Something like this may have been inevitable in particle physics: with
essentially all articles appearing freely on arXiv.org, the journals have
already been starting to look less necessary. That reality may have made them
more willing to agree to something like this. It will be interesting to see,
ten years from now, whether this model continues to be viable or whether the
field will have adopted some entirely different mechanism for peer review.

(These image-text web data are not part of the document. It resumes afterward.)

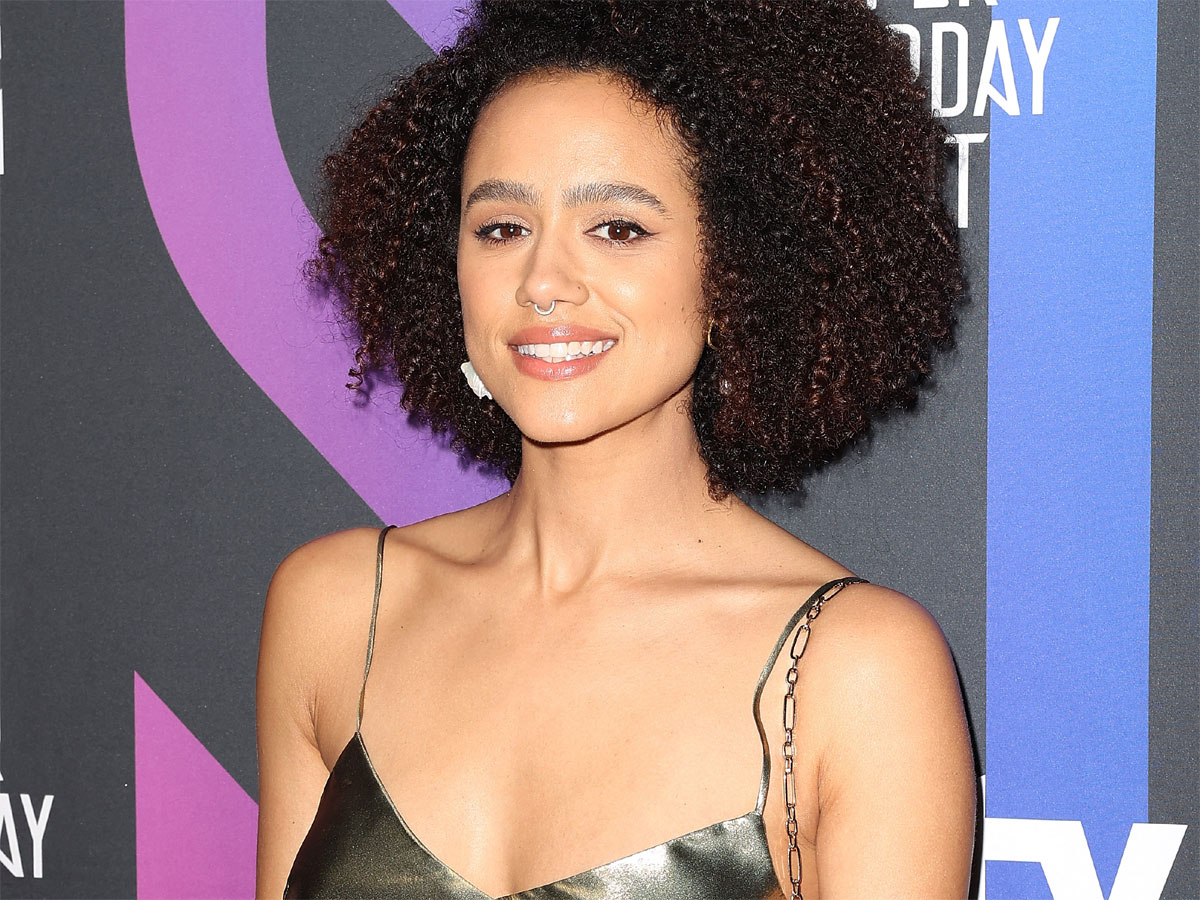 Nathalie emmanuel. Натали Эммануэль. Натали Эммануэль Форсаж. Натали Эммануэль Форсаж 9. Натали Эммануэль Форсаж 9 Форсаж.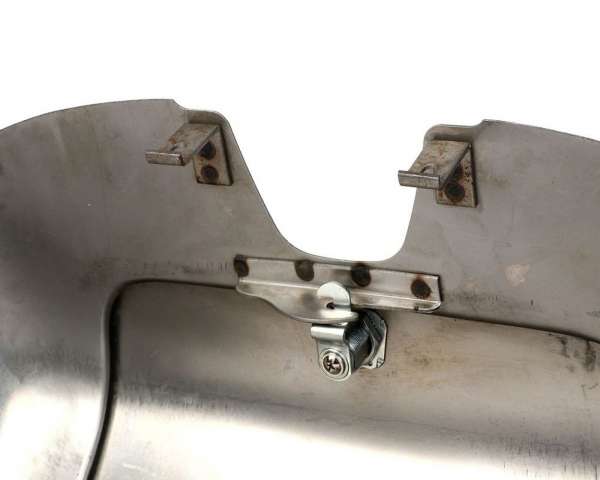 4302835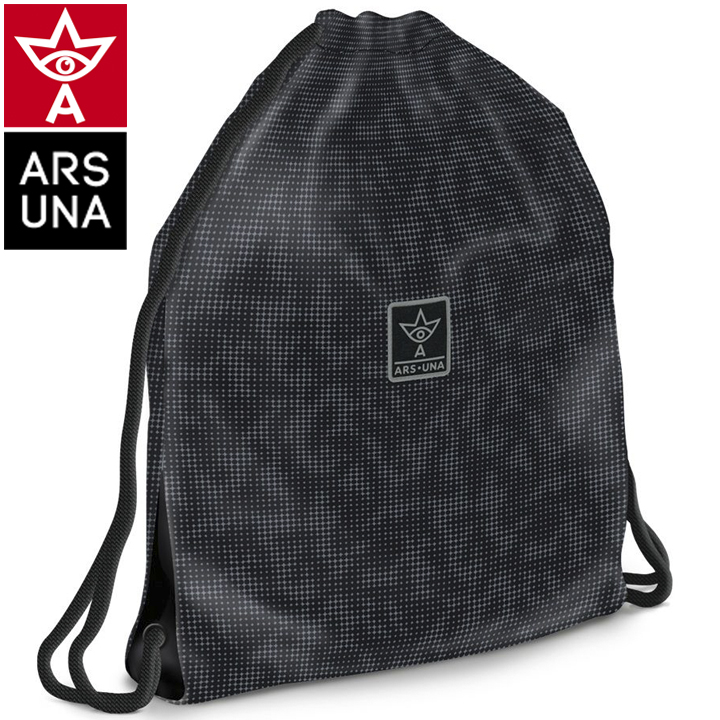 Moire   54594654 Ars Una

It appears that the articles will be published under CC-BY licenses. The
definition of the affected articles is quite broad, too: "SCOAP^3 Articles are
defined as either all articles appearing in journals mostly carrying High-
Energy Physics content, or articles appearing in “broad band” journals which
have been submitted by researchers to arXiv.org under the corresponding
categories."

The close integration with arXiv.org is pretty much essential for this to
work, but I was still a bit surprised to see that arXiv categories are used as
_the_ defining feature of "particle physics content". (For those in the know,
those categories are hep-ex, hep-th, hep-ph, and hep-lat.)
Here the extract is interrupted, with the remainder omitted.